The only significant interaction between MDMA and sleep loss was caused by the highest dose of MDMA in the present study. Relative to placebo, performance in the rapid information-processing task slightly improved 14–15 h after MDMA 100 mg, after a full night of sleep loss. This interaction confirms some of the mild stimulatory characteristics that have been reported before when measuring MDMA effects at T max (Kuypers et al. 2006; Ramaekers et al. 2006). In general, acute drug studies have shown that MDMA effects subside over time and normalize after about 6 h after administration when taken during the day (Hernández-López et al. 2002; Dumont et al. 2009). However, MDMA effects on cognition may last longer or become more noticeable when taken during the night or after a night without sleep, because they may add to or even interact with the detrimental effects of sleep loss on cognition. Kuypers et al. (2007) demonstrated that nocturnal doses of MDMA significant increased vigilance and decreased sleepiness in the morning after a night of sleep loss. These results confirm the residual, mild, stimulatory effects of MDMA on psychomotor function that were measured in the present study after a night of sleep loss. These data seem to indicate that mild stimulatory effects of MDMA may compensate somewhat for the impairing effects of sleep loss on performance. However, this effect of MDMA was very mild and only apparent in a single performance task. Overall, MDMA did not compensate for the detrimental effects of sleep loss on performance. This conclusion is in line with work of others who also showed that stimulant effects of MDMA are generally mild and not sufficient to counteract the impairing effects of other sources such as alcohol (Dumont et al. 2008; Kuypers et al. 2006).
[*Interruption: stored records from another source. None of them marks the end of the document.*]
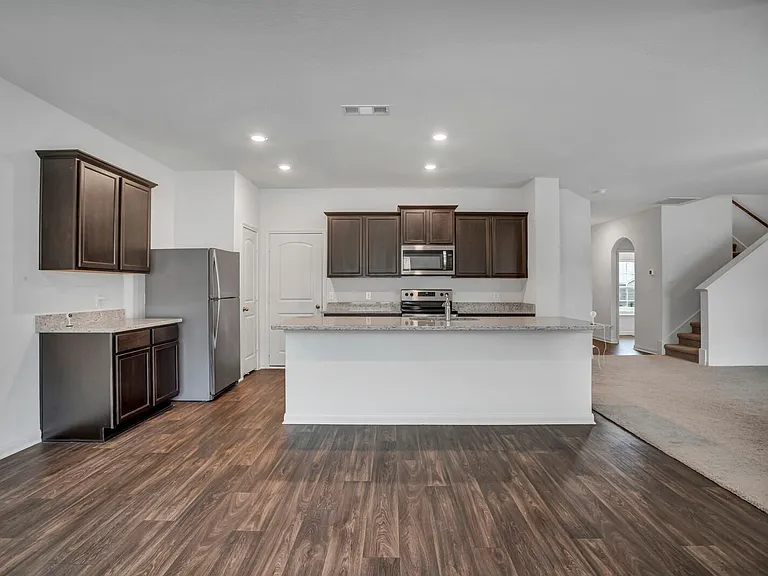 169 Allington Cir — Photo 8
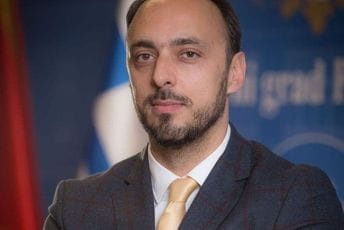 Rakočević: „Premijer kome se vjeruje” opet izigrao partnere Rakočević: „Premijer kome se vjeruje” opet izigrao partnere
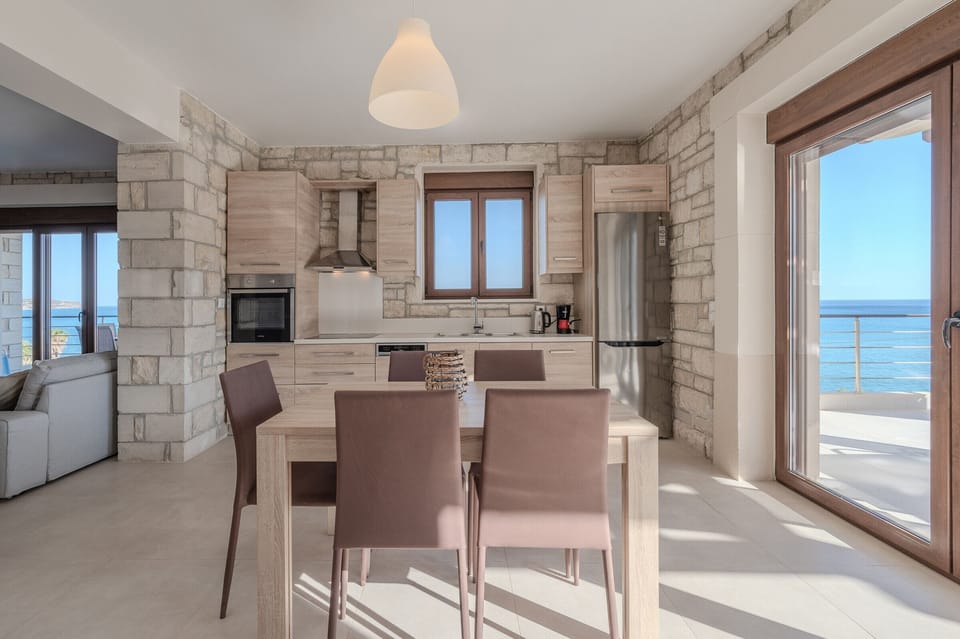 Villa, 3 Bedrooms, 2 Bathrooms, Sea View | In-room dining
The profile of mood states rating scales confirmed that subjects actively experienced an MDMA effect even after the lowest dose of 25 mg. Ratings of positive mood were significantly elevated after all MDMA doses between 1 and 2 h after dosing. Likewise, feelings of arousal also increased at T max, albeit only after the highest dose. These positive feelings however did not last through the night. When rated in the morning mood and arousal were considerable lower as compared to the evening before, due to sleep loss, and not different from placebo. It again shows that residual concentrations of MDMA or stimulatory effects of MDMA on mood and arousal cannot compensate for decrements in subjective mood and arousal as a result of fatigue.

In summary, it can be concluded that sleep deprivation has a major impairing effect on cognitive and psychomotor performance. Low doses of MDMA generally failed to affect performance but produced some stimulatory effect on rapid information processing at the highest dose. MDMA increased ratings of positive mood and alertness. However, the stimulatory effects of MDMA were only mild and never sufficient to overcome decrements in performance, mood, or arousal due to sleep loss.